Orchidelirium is a larger-than-life fantastical steel orchid plant, sprouting from the concrete and arcing over the heads of her viewers. Participants are invited to customize the sculpture's aesthetic to their whims using interactive touchpads linked via the plant's roots to the colorfully illuminated flowers above.
Segmentium is a kinetic art installation. It consists of a 7 ft diameter ball, made up of 24 vertical segments. Each segment is divided and hinged at the equator. The ends of the segments at the poles are attached to a wheel that moves in an eccentric motion. The speed and direction of the rotating wheel are computer-controlled and responsive to the ambient temperature. This represents a connection to the outside environment.The top and bottom halves move independently, at varying speeds and directions. This gives the effect of the sphere wobbling and undulating. It will have the appearance of being semi-solid.The segments are made of wood. The internal frame of the ball is made of aluminum and wood.The outside edge of each segment will be lined with LED strip lighting. The lighting patterns will be responsive to sound and light. The lighting patterns will also respond to the movement of the segments.The 7 ft diameter ball will be mounted on top of a 10 ft tall tripod base made of aluminum.

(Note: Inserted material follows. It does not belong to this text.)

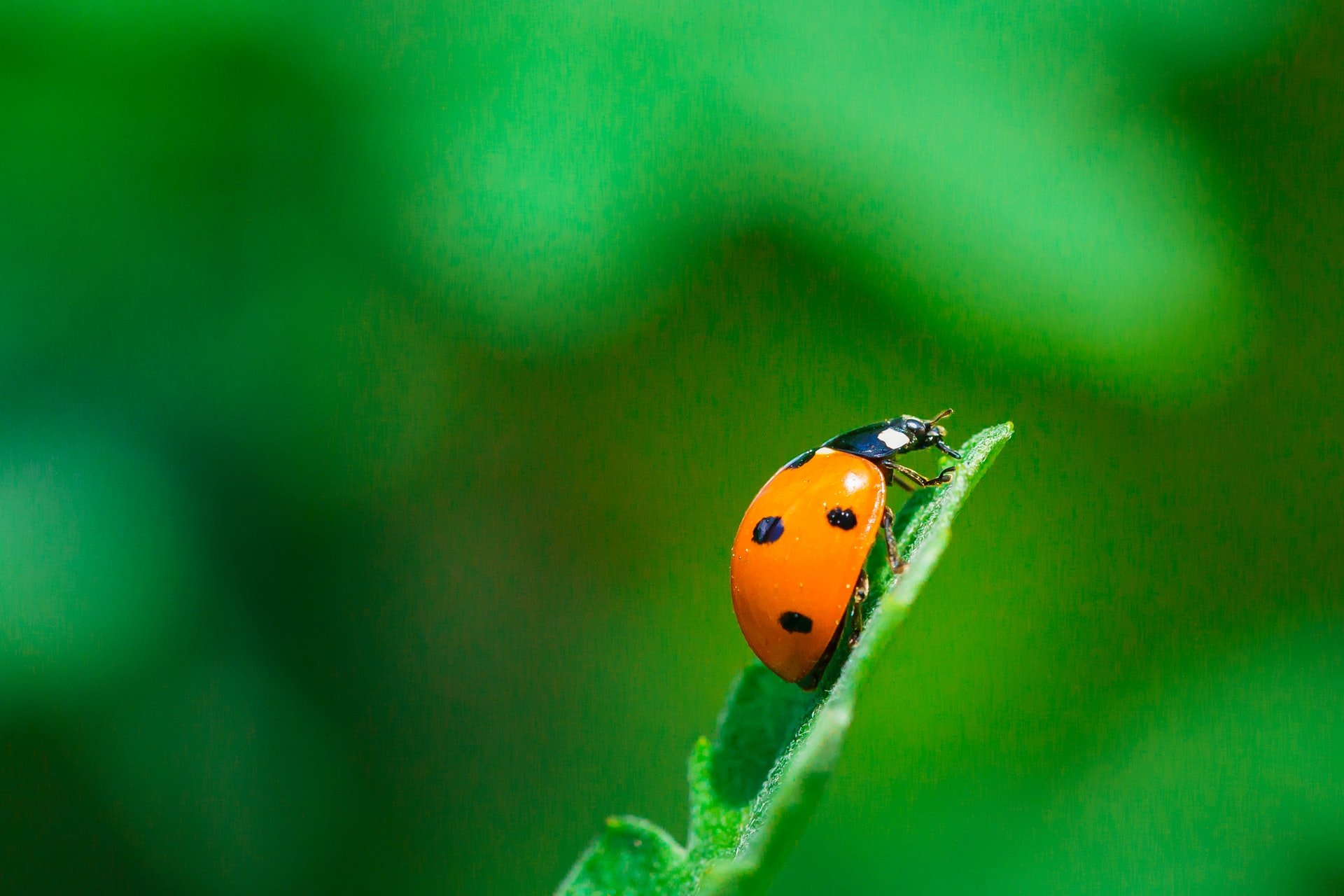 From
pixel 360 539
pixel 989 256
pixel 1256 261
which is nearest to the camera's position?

From Light and Cosmic Dust all things are made. Through the prism of your mind explore and transform worlds from alternate realities, where light and water react in unique ways. Seed the landscape you create with life and watch it grow. Will life thrive or perish in floods or droughts that you control? In the hills, valleys, rivers and lakes that you sculpt with your own hands? Bring your curiosity and imagination and explore these possibilities with AR Sandscapes.
A long round time ago, in the year of 2019, a spherical sculpture composed of found objects and internet procurements became an enlightened container for transformational courage. Have a turn to send a message through the globe.
QuadReal Property Group has announced a partnership with the Museum of Vancouver to bring back to life some of the classic neon signs that lit up Vancouver in the middle of the last century. Three of these signs will be unveiled at the Lumiere festival before permanently lighting up public spaces at The Post, one of the most ambitious heritage redevelopment projects in Canada’s history taking shape at the site of the former Canada Post building in downtown Vancouver.Vancouver was once home to an estimated 19,000 neon signs, second only to Las Vegas at the time. Vancouverites saw the glowing signs as glamourous and exciting while at the same time tawdry and garish, putting them at the centre of intense debates. City leaders clamoured to have them restricted or removed, which resulted in many of the legendary signs being left to rust in scrap heaps. Some of these signs have since been rescued and found their way into the collection at the Museum of Vancouver.The restored neon signs will be on display from November 1 – 3 at šxʷƛ̓ənəq Xwtl’e7énḵ Square, formerly the North Plaza of the Vancouver Art Gallery, during Lumiere. Signs will move to The Post for final installation as the project nears completion in late 2022.